It’s been almost three years since state legislative leaders hired longtime conservative politician Paul Coble to run the day-to-day operations of the General Assembly as state Legislative Services Officer. After all that time, you’d think that Coble (who takes home well over $200,000 per year in salary and benefits) would have developed a basic grasp of one of his chief job duties: responding to requests for documents that he’s supposed to share under state public records laws.
Unfortunately, that does not appear to be the case.
As Policy Watch reporter Melissa Boughton documented last week (“Snail mail responses from legislative operations chief Paul Coble appear to violate state public records law” ), Coble has made it a habit to engage in maddening delays in responding to records requests and then to send documents via U.S. mail that he’s supposed to send via e-mail.
As Boughton reported, “Since January 17, Policy Watch has received 10 letters and one package from Coble – each of which could have been (and was asked to be) sent via email.”
“Six of the letters,” she explained, “say the exact same thing, [merely] acknowledging public records requests that were sent to Coble.”

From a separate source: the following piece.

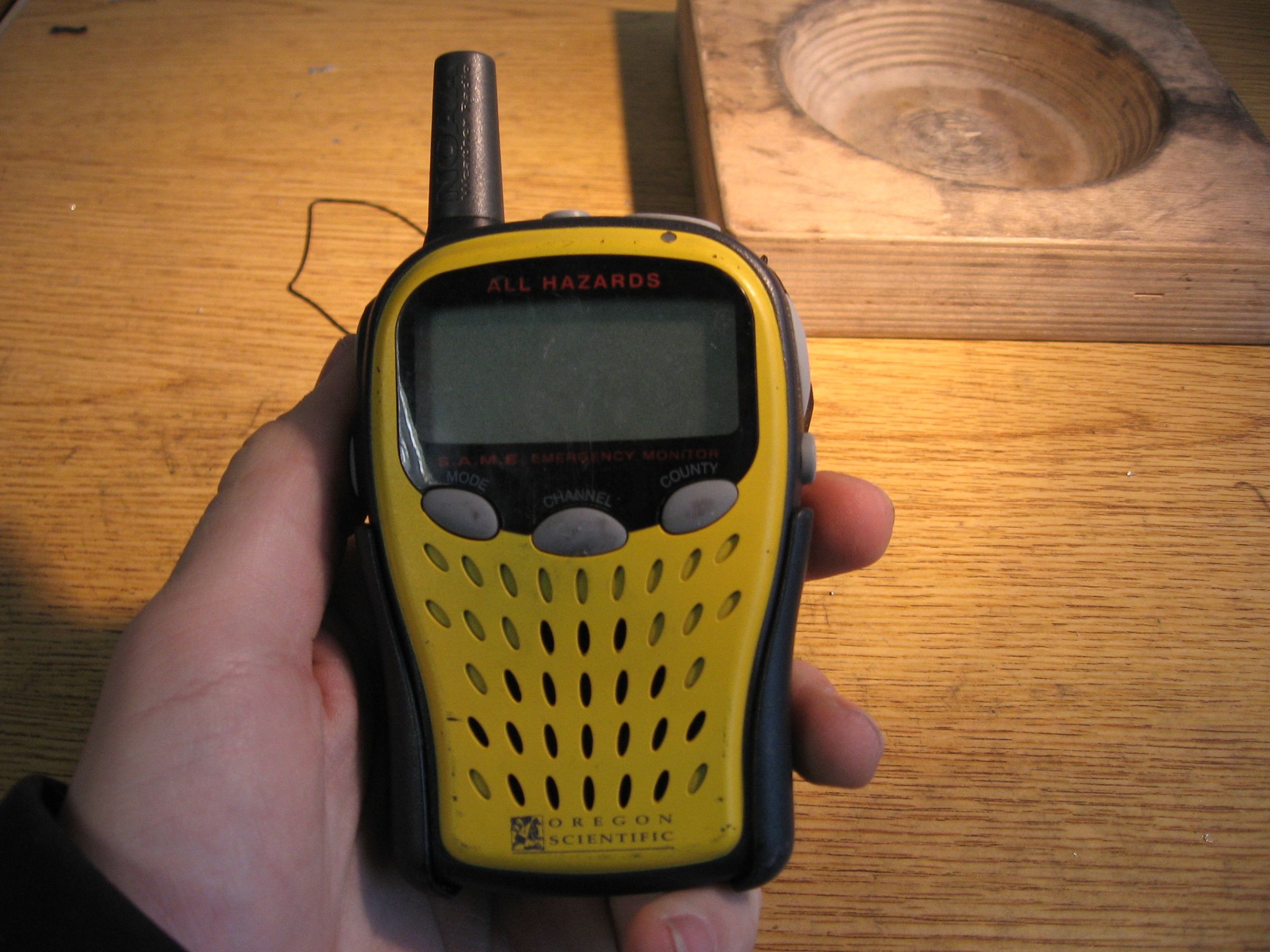 External antenna for Emergency Weather Radio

Boughton went on to report that at least two of Coble’s public records responses appear to have violated the state public records law by not providing documents in electronic format. The relevant statute, G.S. §132-6.2 , reads as follows:
Persons requesting copies of public records may elect to obtain them in any and all media in which the public agency is capable of providing them. No request for copies of public records in a particular medium shall be denied on the grounds that the custodian has made or prefers to make the public records available in another medium.”
Jonathan Jones of the North Carolina Open Government Coalition at Elon University  told Boughton that Coble’s responses were “certainly not in compliance with the law,” make “zero sense” and amount to a “bullying” tactic.

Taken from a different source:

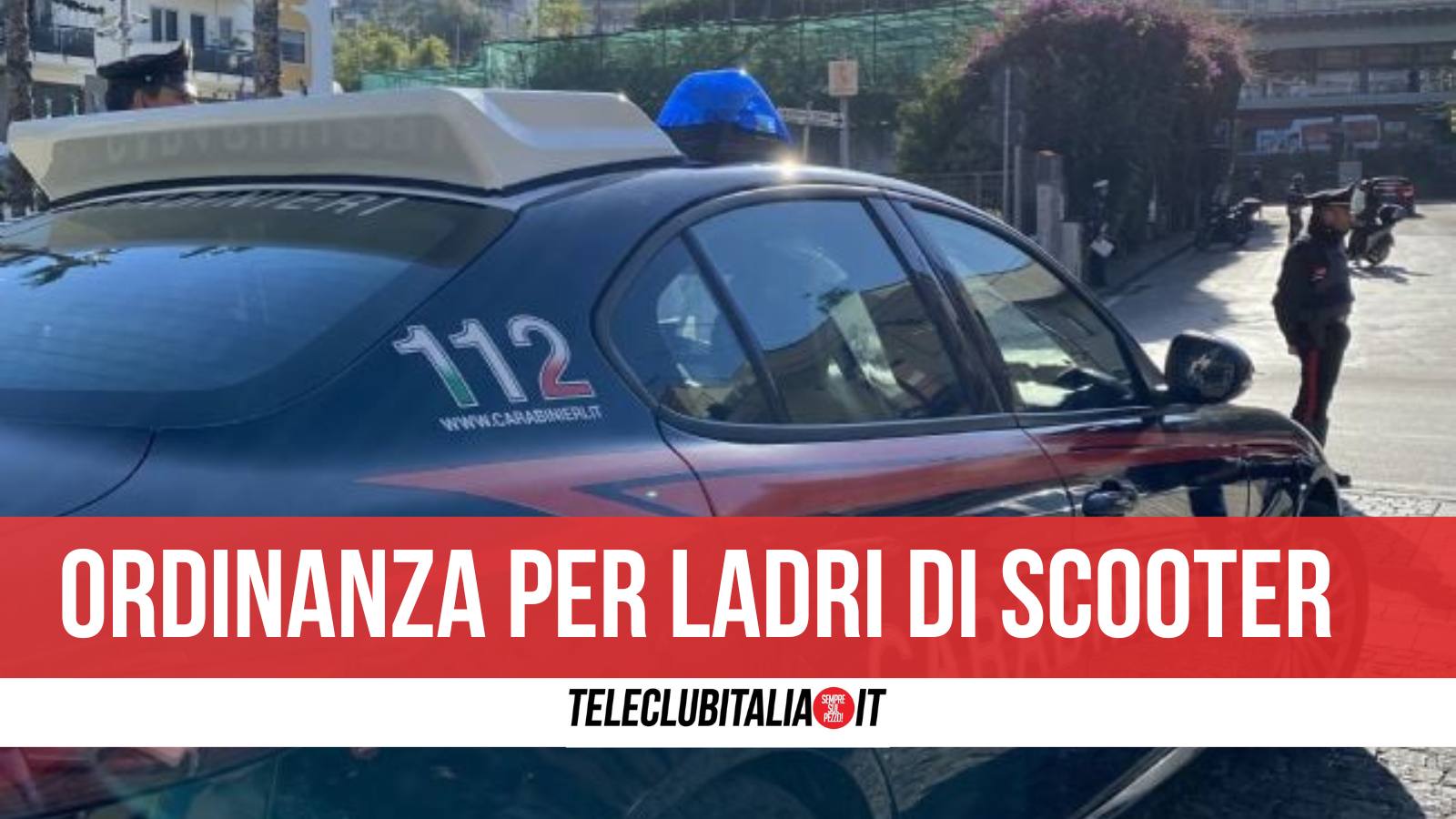 Rubano due scooter in in un giorno: due arresti nel napoletano Rubano due scooter in in un giorno: due arresti nel napoletano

To make matters even more ridiculous, Coble appears to be reserving his dilatory bullying for only certain record requesters. Since her story came out, Boughton has been contacted by lawyers with two different progressive advocacy organizations who described similar experiences with Coble. Meanwhile, other traditional news outlets have recently published stories in which they have made use of information that they obtained electronically from Coble with no apparent difficulty.
The only conclusion that can be drawn from all of this is that Coble is playing partisan and/or ideological games that amount to a gross violation of his duties as an important and highly compensated public servant.

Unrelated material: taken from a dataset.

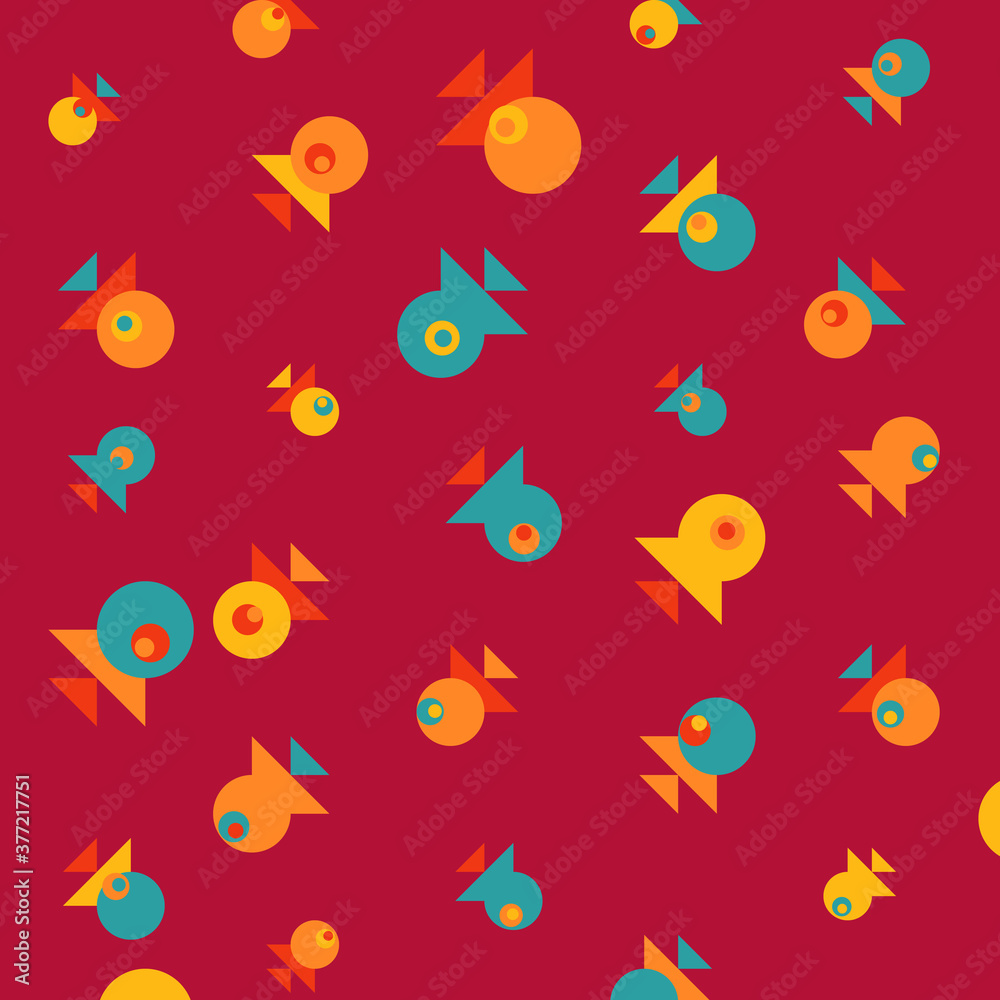 Abstract Color Halftone Dots generative art background illustration Abstract Color Halftone Dots generative art background illustration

On one level, this is not terribly surprising. Coble, the nephew of the late conservative icon Jesse Helms, is a fierce right-wing partisan. During his previous brief stints as mayor of Raleigh and as a Wake County commissioner, he regularly championed arch-conservative causes.
What’s more, there are a lot of situations in which partisan or ideologically-motivated behavior is to be expected from public officials – especially those who are elected. Gov. Roy Cooper is a member of the Democratic Party and it is widely understood and accepted that he will favor members of his own party and point of view for various appointments and be inclined to favor legislation sponsored by fellow Democrats. The same is true, of course, for Republican leaders like Senate President Pro Tem Phil Berger and House Speaker Tim Moore.
For most public servants, however, (be they teachers, law enforcement officers, election judges, tax assessors or environmental engineers) partisan or ideological motivations ought to be complete anathema when it comes to their official duties.
And this clearly must be the case with the state Legislative Services Officer. When Coble was hired back in 2015, the official announcement  summarized the job duties as directing “the operations and functions of all nonpartisan legislative staff offices and manages the administrative, facility management, and financial functions for the General Assembly.”
Coble’s job is, in other words, that of a classic bureaucrat and public administrator. His job is to serve the public by running the day-to-day operations of the “the People’s House” (the General Assembly) and to keep the “trains running on time” for everyone – not to advance a partisan or ideological agenda or to play juvenile games of the kind that one might expect from a college fraternity boy or, perhaps, a rogue campaign staffer.
The bottom line: Mr. Coble’s behavior is clearly inappropriate and unlawful and legislative leaders ought to demand immediate change before a state judge is forced to do it for them.